“For better or for worse, I have watched people die in front of me. I see how they are in the end. And they’re not cynical. In the end, they wanna hold somebody’s hand. And that’s real to me.” (Mitch Albom)
Cynicism is an attitude or state of mind which can strike at any time, though it can be more treacherous when it attacks in middle age. Cynicism for a younger generation might be a call to action of some sort, to inspire inward reflection, to instigate political change, and negatively, to espouse anarchy, to become apathetic, or to adopt a scornful way of thinking. For the older person, when it is removed from life experience, it can prove devastating with the passing of the years and with aspirations no longer on their side. In both instances it can lead to ennui, apathy, and despair. What exactly is cynicism then? It is a distrust of people’s motives or the belief that they are generally motivated by self-interest. It has taken on a much nuanced definition since the times of the Ancient Greeks when it was associated with the school of the Cynics [from the Greek kunikos commonly ‘doglike’ or ‘churlish’] characterized for its contempt of ease and pleasure.
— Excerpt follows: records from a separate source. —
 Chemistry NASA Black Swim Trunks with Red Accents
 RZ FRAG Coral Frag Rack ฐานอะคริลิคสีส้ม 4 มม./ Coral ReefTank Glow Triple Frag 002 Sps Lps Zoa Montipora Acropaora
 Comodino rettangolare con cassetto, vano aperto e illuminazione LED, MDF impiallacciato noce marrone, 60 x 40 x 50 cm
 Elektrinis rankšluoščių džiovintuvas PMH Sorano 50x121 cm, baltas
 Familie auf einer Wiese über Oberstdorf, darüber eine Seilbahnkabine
For the religious cynicism can be a double temptation, to not only entirely mistrust the social and political infrastructures which surround and support him or her, but also to question the fundamentals of their creed. Revelations and ideals once considered inviolate are now looked upon with a great degree of suspicion if not humour. Disappointment with integral infrastructures and first-hand knowledge of the moral failings of the militant church, only add credence to the cynicism which can threaten the foundations of a life. So what to do when cynicism is no longer a safeguard against naiveté but an ongoing pessimistic disposition? It does help to remember it is part of life and only natural that during certain stages of our growth we will experience a whole range of disappointments or ‘let-downs’ which will hurt. Cynicism and irony during such times could be seen as a defence mechanism or a ‘balm’ to help soften the blow. It is when these attitudes become ongoing states of mind that they grow into hopelessly destructive emotions. We are robbed of interior peace and great lessons of the past are too readily forgotten.
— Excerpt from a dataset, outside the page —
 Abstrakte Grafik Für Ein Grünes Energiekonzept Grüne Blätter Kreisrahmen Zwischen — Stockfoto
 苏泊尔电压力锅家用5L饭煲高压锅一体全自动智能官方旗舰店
In the Judaeo-Christian tradition cynicism is typically considered against the loss of belief (Job 7:14-16) or trying to catch somebody out (Lk 20:20-26). In Buddhism it is often contrasted with equanimity. In the Hindu scriptures cynicism is the source of hatred and anger. In more modern times these expressions can be marvellously summarized in the philosophical words of the American writer and amateur fiddle player Jackson Burnett:
“A thousand years from now nobody is going to know that you or I ever lived. The cynic is right, but lazy. He says ‘You live, you die and nothing you do will ever make a difference.’ But as long as I live, I’m going to be like Beethoven and shake my fist at fate and try to do something for those who live here now and who knows how far into the future that will go. If I accomplish nothing more than making my arm sore, at least I will be satisfied that I have lived.”
Cynicism is especially dangerous for it compels us to lose hope and interest in others. Our heart grows cold and we become overly introspective. To be cynical of someone trying to turn over a new leaf is to be cruel. To dismiss a religion because its followers are less than perfect makes no sense. To patronize a fellow human being because we in some way feel superior to him or her is the height of folly. What is more we risk growing cynical with our very selves which can lead to self-hate. It can damage the spirit which is the animating force behind creativity and love.
So what to do if we are gripped by the negative outcomes of cynicism?
Talk is cheap and ‘easy positivism’ is everywhere accessible. Engagement with the world and giving a helping hand to the ostracized, to help bring about change where change is needed, is not always an easy thing to do. It will very often demand a great deal of sacrifice and on occasion an agonizing re-evaluation of the notion of trust. Cynicism, similarly to ‘bad faith', has at its core an element of self-deception and a refusal to confront alternatives.
Allowing for the benefit of the doubt is to not allow for cynicism to grip our hearts. The encouragement of our neighbour is a great antidote. We are not called by the wisdom literatures of the world to become ‘naive’ to the realities of the human condition nor is it expected of us to abandon sceptical doubt. Unconditional love is to be over and over again forgiving and to continually see the potential which is breathed into the soul of the other. It does not mean to ignore wrongs or turn a blind eye to wickedness. We might also do well to remember how hurtful it was when we ourselves were dismissed and denied the goodwill of our intentions. Social infrastructures as well, might be improved with our considered input and made better through our direct involvement. We will not change the world, but we will surely spread some sunlight and make a real difference to at least a few lives, including our own.
And is that not enough of a good thing and well worth the doing?
“My dear Lord, protect my heart from the hidden dangers of cynicism and allow for me to be a humble yet present doorway for others to pass through. Help me every day to remember, our Father who art in Heaven, that life will not deliver to me all that I want.”